## [TASK STATEMENT]
Repeat exactly the lines of the records below, starting at the line containing "Freeport Park Scooter-1700821558" and ending at the line containing "Koń oldenburski, Klacz, 10". Leave the pictures out.

## [THE RECORDS]
[Start of section]
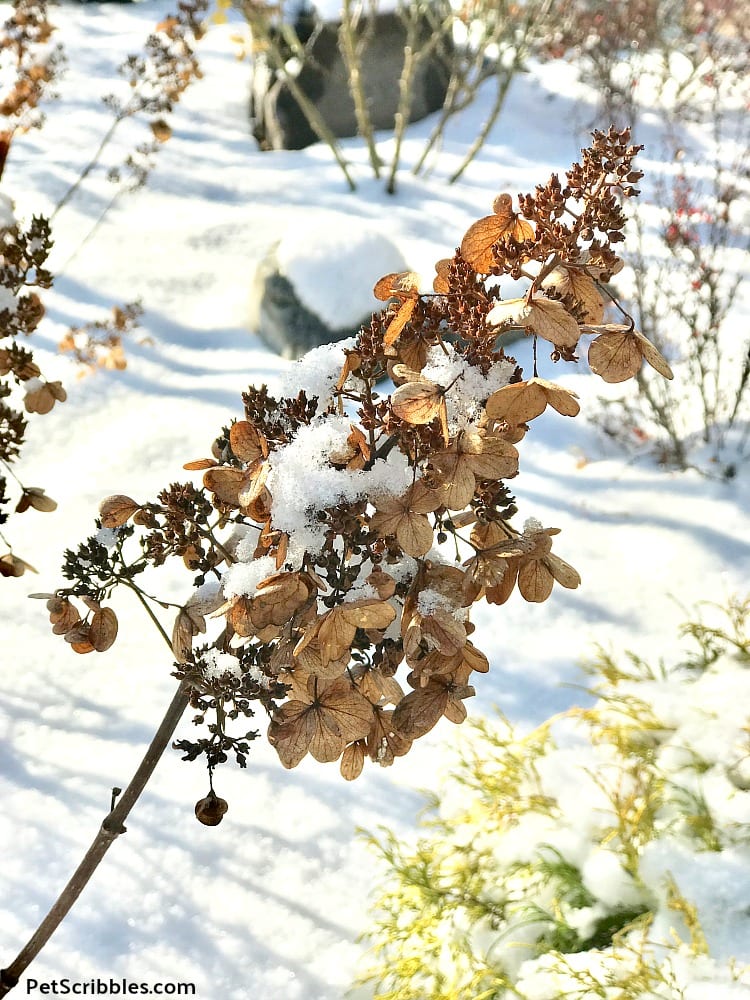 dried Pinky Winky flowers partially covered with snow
[End of section]
[Start of section]
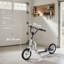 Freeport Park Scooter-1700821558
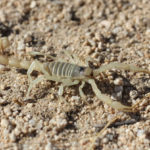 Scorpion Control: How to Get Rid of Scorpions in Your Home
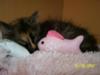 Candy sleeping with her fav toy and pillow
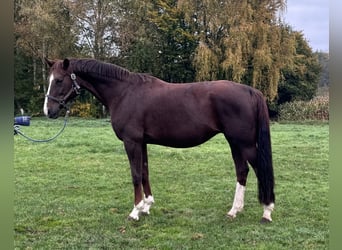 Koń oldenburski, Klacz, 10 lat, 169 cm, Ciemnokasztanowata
[End of section]
## [ANSWER SECTION]
 Freeport Park Scooter-1700821558
 Scorpion Control: How to Get Rid of Scorpions in Your Home
 Candy sleeping with her fav toy and pillow
 Koń oldenburski, Klacz, 10 lat, 169 cm, Ciemnokasztanowata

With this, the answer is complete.